Des intellectuels anticolonialistes des 19e et 20e siècles – Okakura Tenshin, Rabindranath Tagore et Zhang Taiyan – ont fondé un universalisme alternatif à l’universalisme européen sur la base d’un spiritualisme et d’une culture religieuse transcendant les rivalités impérialistes ; mais, pour ces intellectuels, l’universalisme asiatique est ancré dans l’« âge d’or » d’une civilisation prémoderne dont ils ignorent les rapports marchands. De ce fait, leur asiatisme « réconfortant » a été récupéré par l’impérialisme japonais ou par le nationalisme chinois, alors que le « cosmopolitisme spirituel » de Tagore était étranger au pouvoir politique de son époque.

La pensée de ces intellectuels indique tout de même une matrice pour conceptualiser l’Asie, tandis que la « libéralisation capitaliste » et le retrait de l’État pourraient bien empêcher de « nouveaux commencements » et pérenniser les inégalités et les injustices du colonialisme et de l’impérialisme.

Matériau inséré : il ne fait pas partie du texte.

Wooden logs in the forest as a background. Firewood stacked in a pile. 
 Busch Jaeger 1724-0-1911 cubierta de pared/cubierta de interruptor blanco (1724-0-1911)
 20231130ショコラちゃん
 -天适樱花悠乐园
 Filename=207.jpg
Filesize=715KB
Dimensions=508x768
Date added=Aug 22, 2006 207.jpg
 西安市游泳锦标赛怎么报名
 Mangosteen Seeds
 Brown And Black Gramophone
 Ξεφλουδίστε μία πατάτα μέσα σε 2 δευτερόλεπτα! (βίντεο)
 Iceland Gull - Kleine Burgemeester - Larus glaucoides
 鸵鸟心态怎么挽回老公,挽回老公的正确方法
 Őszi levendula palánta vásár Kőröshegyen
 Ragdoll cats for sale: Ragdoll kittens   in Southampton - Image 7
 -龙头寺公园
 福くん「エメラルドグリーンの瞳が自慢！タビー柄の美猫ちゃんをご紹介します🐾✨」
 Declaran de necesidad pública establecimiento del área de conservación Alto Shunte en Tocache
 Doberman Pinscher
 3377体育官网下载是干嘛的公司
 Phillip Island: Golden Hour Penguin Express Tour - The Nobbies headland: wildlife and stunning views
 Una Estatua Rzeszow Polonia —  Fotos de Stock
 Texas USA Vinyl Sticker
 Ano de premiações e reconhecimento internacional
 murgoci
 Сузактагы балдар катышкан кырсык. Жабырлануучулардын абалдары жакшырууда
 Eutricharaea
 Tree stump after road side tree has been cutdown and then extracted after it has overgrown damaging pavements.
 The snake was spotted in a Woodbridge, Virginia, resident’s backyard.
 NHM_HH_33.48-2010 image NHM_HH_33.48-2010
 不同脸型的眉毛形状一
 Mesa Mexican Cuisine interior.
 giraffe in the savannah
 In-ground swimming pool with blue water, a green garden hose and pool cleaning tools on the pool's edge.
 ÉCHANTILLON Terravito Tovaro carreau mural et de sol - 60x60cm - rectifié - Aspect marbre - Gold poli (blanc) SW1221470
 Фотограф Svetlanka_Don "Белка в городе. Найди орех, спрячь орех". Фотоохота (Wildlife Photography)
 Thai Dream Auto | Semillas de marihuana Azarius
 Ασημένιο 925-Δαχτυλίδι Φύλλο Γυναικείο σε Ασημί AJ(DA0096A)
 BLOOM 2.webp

Cette matrice est bien celle de la « circulation de la culture asiatique sans domination étatique des identités », note Barbara Watson Andaya dans son commentaire. Elle tisse alors une conception alternative de l’espace asiatique contemporain intégrant la religion et la moralité à une « connexion supranationale » existant depuis la période prémoderne, comme en témoignent l’expansion et l’adaptation du bouddhisme à travers les âges ou bien l’asiatisme d’avant l’impérialisme japonais qui s’inspirait d’une communauté de valeurs religieuses et morales pour affirmer la possibilité de s’élever au-dessus des divisions nationales.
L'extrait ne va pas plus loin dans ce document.